Configure the log cleaner for topic compaction
The log cleaner serves the purpose of preserving only the latest value associated with a specific message key in a partition for compacted topics. In Aiven for Apache Kafka®, the log cleaner is enabled by default, while log compaction remains disabled.
Enable log compaction for all topics
- In the Aiven Console, select your project and choose your Aiven for Apache Kafka® service.
- In the service page, select Service settings from the sidebar.
- On the Service settings page, scroll down to the Advanced configuration section, and click Configure.
- In the Advanced configuration dialog, click Add configuration options.
- Find
log.cleanup.policy
in the list and select it. - Set the value to
compact
. - Click Save configuration.
This change will affect all topics in the cluster that do not have a configuration override in place.
Enable log compaction for a specific topic
- In the Aiven Console, select your project and choose your Aiven for Apache Kafka® service.
- Select Topics from the left sidebar.
- Select the topic to modify and select Modify in the context menu.

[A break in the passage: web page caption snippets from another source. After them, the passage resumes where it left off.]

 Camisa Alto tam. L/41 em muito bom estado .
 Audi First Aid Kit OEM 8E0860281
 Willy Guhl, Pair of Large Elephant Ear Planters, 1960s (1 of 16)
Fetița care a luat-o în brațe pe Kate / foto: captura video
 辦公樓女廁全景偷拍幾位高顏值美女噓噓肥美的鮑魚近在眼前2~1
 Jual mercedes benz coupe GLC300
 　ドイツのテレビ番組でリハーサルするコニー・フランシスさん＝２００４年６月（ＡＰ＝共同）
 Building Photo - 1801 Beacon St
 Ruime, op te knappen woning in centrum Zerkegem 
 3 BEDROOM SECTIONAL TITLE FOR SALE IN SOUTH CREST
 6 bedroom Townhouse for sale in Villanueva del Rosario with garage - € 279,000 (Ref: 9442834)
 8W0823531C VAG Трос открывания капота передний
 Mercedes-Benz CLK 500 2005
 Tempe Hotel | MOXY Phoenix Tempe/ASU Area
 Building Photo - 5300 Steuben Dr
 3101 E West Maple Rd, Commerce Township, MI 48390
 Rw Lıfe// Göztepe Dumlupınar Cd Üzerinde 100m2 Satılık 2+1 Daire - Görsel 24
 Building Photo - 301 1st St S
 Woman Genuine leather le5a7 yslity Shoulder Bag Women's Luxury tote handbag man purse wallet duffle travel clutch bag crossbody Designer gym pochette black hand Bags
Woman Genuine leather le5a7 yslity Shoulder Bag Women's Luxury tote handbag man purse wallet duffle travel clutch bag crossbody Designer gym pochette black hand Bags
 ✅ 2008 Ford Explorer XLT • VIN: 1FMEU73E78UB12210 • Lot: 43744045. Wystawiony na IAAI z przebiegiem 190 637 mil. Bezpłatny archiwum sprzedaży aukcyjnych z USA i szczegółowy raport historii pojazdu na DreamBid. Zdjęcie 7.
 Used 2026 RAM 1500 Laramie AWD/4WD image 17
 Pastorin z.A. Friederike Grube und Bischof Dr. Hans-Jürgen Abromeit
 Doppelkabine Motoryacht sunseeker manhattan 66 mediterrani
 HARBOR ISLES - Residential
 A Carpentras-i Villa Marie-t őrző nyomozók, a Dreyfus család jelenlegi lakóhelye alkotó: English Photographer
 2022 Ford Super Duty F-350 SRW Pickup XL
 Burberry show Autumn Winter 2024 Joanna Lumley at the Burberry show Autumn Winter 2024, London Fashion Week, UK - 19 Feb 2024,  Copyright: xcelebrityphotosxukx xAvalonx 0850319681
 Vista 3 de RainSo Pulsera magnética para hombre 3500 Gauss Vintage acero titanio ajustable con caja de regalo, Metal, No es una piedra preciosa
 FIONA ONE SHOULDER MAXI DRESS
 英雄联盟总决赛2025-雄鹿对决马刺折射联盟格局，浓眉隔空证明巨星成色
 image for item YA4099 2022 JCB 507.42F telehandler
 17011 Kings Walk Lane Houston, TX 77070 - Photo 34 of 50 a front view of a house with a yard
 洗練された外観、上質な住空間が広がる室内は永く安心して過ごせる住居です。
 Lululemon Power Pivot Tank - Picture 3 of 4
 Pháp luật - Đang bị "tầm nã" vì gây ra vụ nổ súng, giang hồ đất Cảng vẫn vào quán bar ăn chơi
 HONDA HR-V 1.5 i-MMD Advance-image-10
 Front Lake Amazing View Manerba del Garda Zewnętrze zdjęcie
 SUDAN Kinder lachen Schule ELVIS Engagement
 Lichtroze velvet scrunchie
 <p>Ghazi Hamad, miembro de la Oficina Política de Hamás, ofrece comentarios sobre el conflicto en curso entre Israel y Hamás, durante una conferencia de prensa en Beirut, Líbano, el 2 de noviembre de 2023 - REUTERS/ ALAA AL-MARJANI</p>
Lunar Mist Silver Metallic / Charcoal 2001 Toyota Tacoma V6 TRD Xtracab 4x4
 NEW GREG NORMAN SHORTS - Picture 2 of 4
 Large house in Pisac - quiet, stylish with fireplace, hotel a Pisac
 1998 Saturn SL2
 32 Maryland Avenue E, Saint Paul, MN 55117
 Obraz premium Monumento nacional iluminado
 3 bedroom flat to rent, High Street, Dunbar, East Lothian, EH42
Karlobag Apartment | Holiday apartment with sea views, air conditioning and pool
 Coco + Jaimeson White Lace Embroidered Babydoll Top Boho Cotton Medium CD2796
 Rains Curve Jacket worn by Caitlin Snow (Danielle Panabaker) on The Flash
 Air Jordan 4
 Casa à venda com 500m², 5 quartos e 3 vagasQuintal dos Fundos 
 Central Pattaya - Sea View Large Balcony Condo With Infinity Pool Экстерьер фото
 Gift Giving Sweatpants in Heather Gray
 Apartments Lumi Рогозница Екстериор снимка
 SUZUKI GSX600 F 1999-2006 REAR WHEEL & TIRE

- From the drop-down options for the Cleanup policy, select the
value
compact
. - Select Update.
Configure log cleaning frequency and delay
Before the cleaning begins, the cleaner thread will inspect the logs to find those with highest dirty ratio calculated as the number of bytes in the head vs the total number of bytes in the log (tail + head). Read more about head and tail definition in the compacted topic documentation.
The ratio provides an estimation of how many duplicated keys are present in a topic, and therefore needs to be compacted.
For the log cleaner to start compacting a topic, the dirty ratio needs to be bigger than a threshold set to 50% by default.
You can change this value:
- Globally for the cluster: In the Advanced configuration
section of the service overview, modify the value of the
kafka.log_cleaner_min_cleanable_ratio
property. - For a specific topic: Modify the value of
min_cleanable_ratio
property.
The log cleaner can be configured to leave some amount of uncompacted data in the head of the log by setting compaction time lag. To do so,
- Open In the Advanced configuration of your service or an individual topic:
- Set the following properties:
log.cleaner.min.compaction.lag.ms
: Setting to a value greater than 0 will prevent the log cleaner from compacting messages with an age newer than a minimum message age. This delays compacting records.log.cleaner.max.compaction.lag.ms
: The maximum amount of time a message will remain uncompacted.
The compaction lag can be bigger than the
log.cleaner.max.compaction.lag.ms
setting since it directly depends on
the time to complete the actual compaction process and can be delayed by
the log cleaner threads availability.
Tombstone records
During the cleanup process, the log cleaner also remove records
that have a null value, also known as tombstone records. To delay tombstone records
from being deleted, set the delete.retention.ms
property for the compacted topic.
Consumers can read all tombstone messages as long as they reach the head
of the topic before the period defined in delete.retention.ms
is passed.